[[ Data for processing, beginning ]]

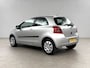 Toyota Yaris 1.3 VVTi Sol MMT | APK tot 11-2025 | Automaat Airco Elektrpakket Radio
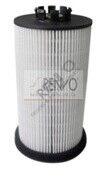 MERCEDES ACTROS MP2, MP 3 AXOR SETRA FENDT KAMZA CLASS MAZOT FİLTRESİ  OEM : 5410900151, 5410900051, 5410920305, 5410920405, 0687090,0687090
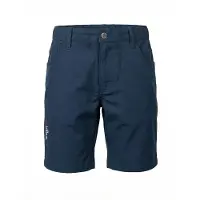 Chillaz Kid's Curno Pantaloncini Bambini (164, blu)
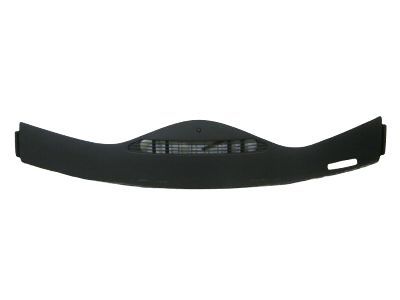 ゴエもん 15233258 - Genuine GM Parts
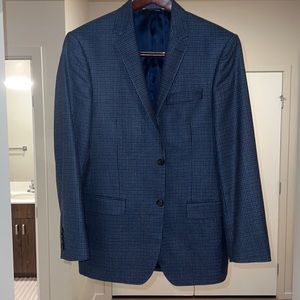 Ralph Lauren Sport Coat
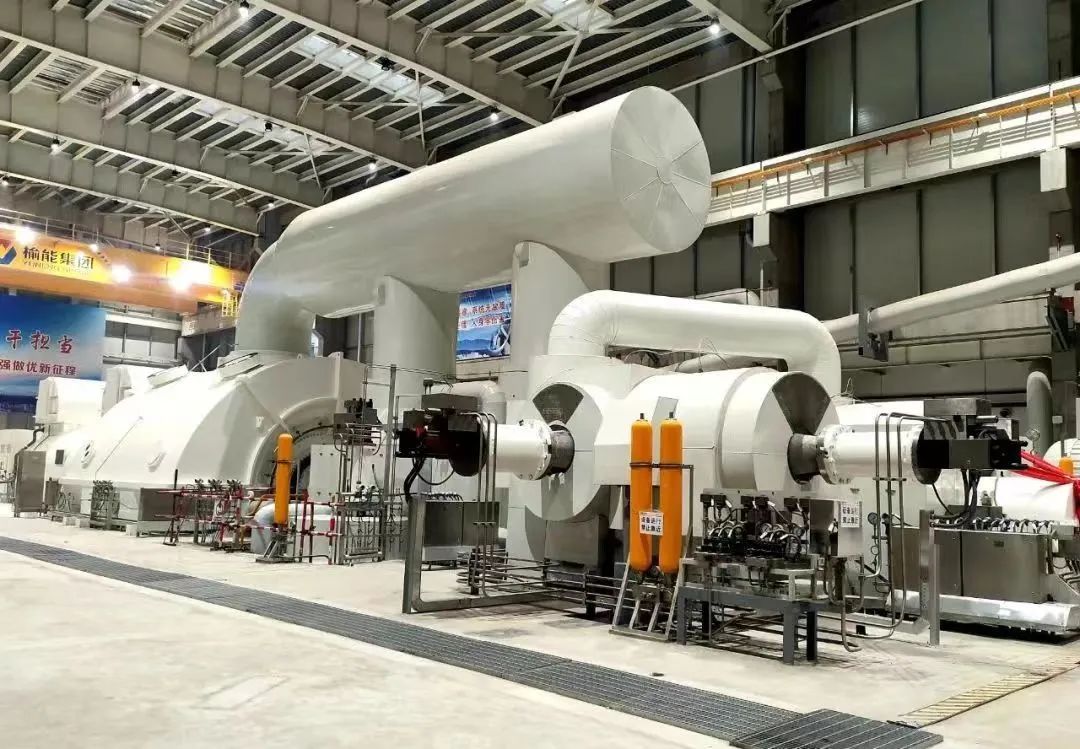 yp街机(中国)电子游戏官网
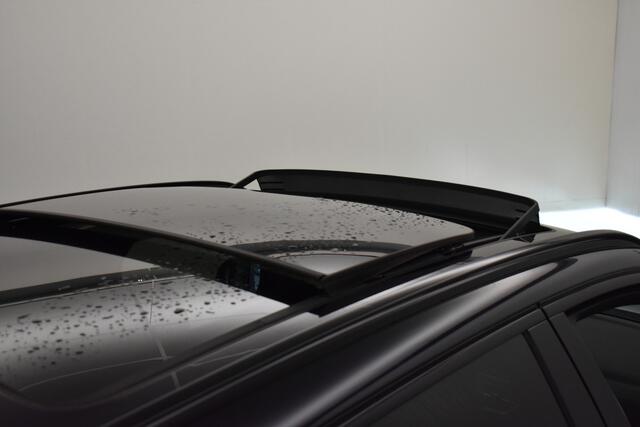 BMW X3 iX3 High Executive 80 kWh M-Pakket Trekh 360° Cam Leder Head-Up El-Stoelen + Aklep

[[ Data for processing, end ]]

§ **Task goal**: The lines needed run from the first line of the records through the line containing "Chillaz Kid's Curno", both included. Restate them word for word, without pictures.

§ **Your response**:
 Toyota Yaris 1.3 VVTi Sol MMT | APK tot 11-2025 | Automaat Airco Elektrpakket Radio
 MERCEDES ACTROS MP2, MP 3 AXOR SETRA FENDT KAMZA CLASS MAZOT FİLTRESİ  OEM : 5410900151, 5410900051, 5410920305, 5410920405, 0687090,0687090
 Chillaz Kid's Curno Pantaloncini Bambini (164, blu)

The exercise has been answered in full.